I haven’t. But I learned about her in my earlier days, and I’ve always looked up to her and a few others because of their talents and their strengths. When I was first brought into pageantry, I was taken to Virginia for a weekend to be with my show family the Ova Kings, and I was shown videos of my grandmother Avantis Ova King, Tamisha Iman and Jasmine Bonet to pull inspiration from.
Have you ever struggled with the arguably duel reality of being a woman and a drag queen?
To be honest, I had that battle often. But I’ve had to realize that the only thing I can do in the situation is be the best me that I can be! The more woman I became, the less gigs I was offered. I’ve questioned that because I still pull a crowd and the venue still makes money off of me, and my performances get me bookings locally and across states. So I’ve learned to let go, and let God continue to bless me. I have to go where I’m appreciated and respected.

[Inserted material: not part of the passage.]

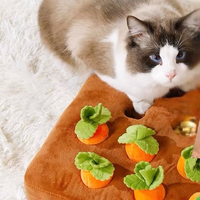 “Pull the Radish” Plush Toy – Interactive Chew & Sniff Mat for Pet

Our city absolutely needs more Jennifer! One venue where we will be able to see you this week: the new Headroom Lounge in Jersey City on Saturday, February 13th. This will be the spot to catch Harmonica Sunbeam’s annual Waiting to Exhale tribute show, which will star yourself and three other legendary ladies: the prior-mentioned Lady Jasmin, Octavia Anyae, Divinity Banks and Lady Keyante!

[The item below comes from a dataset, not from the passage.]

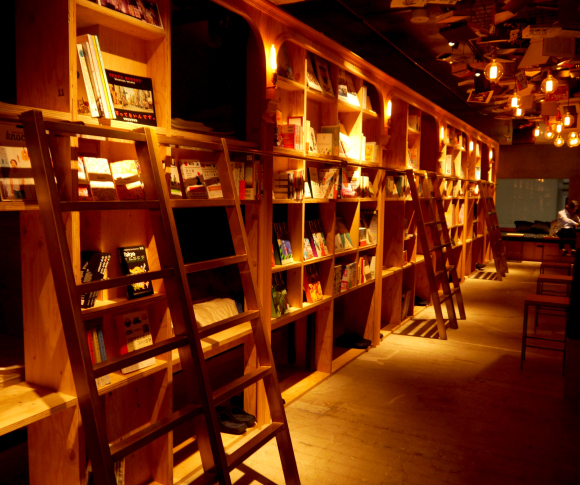 We bunk up in “bookstore hotel” Book and Bed Tokyo on opening night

This is my first time being apart of the annual WtE tribute show, and I’m elated because the very first song I ever performed back in 1998 at Two Potato was a track from the WtE soundtrack; I will be doing that same song this Saturday night. The movie itself is a classic. When it comes to the characters, I can damn sure relate even today: dating and finding true love as a black transwoman is hard.
Anything else on the nightlife horizon for you?
Not at the moment. I’m currently working on budgets and dates for a few upcoming bookings, and as soon as those dates are set I’ll be sure to let everyone know.
Okay, so let’s talk about your amazing charity work, which is a big part of your life. One of our many fractured institutions in our country is the penal system. There are too many problematic elements to discuss here, but one is that prisoners are released with very little assistance in returning to normal life. And of course, LGBTQ ex-prisoners have that much more of a difficult time getting back on track. Enter the Jen Love Project.
Before the Jen Love Project started, I have to admit that I did almost six years in the NJ state prison system. Upon coming home, I had everything I needed due to family and love ones. I came home traumatized and broken due to being raped and beaten while incarcerated. So after some time with my therapist, I made the decision that I have to do my part to make sure that what happened to me never happens to anyone else. Plus, I need to make sure that the LGBTQ community coming home from prison or jail have help with reentry. Please be mindful that incarcerated people are still human.
I’m the foundress of the Jen Love Project, which provides “welcome home” packages to recently released and soon to be released LGBTQ people coming home from prisons or jails. Currently I only service New Jersey, New Jork and Massachusetts… hopefully to expand soon! Anyone who’s interested in donating to the project can do so at jenloveproject.org.
You are so incredibly brave and strong, and doing such wonderful work! So, here is the closing question: what might your best piece of advice be to a young person, or even an older person, who is ready to come out and live their life as a proud trans person in today’s not-always-kind society?
Please be safe, be aware, and be careful. Don’t allow anyone to tell you who you are, because only you have the answer and power to become the amazing adult the you’re meant to become. Always know that many before you fought and died for you to have the rights and comforts that you have. So make your mark, and make this crazy world even better for yourself and those coming up and out after you. It’s all about love!
Thanks so much Jennifer… for all that you do for our community!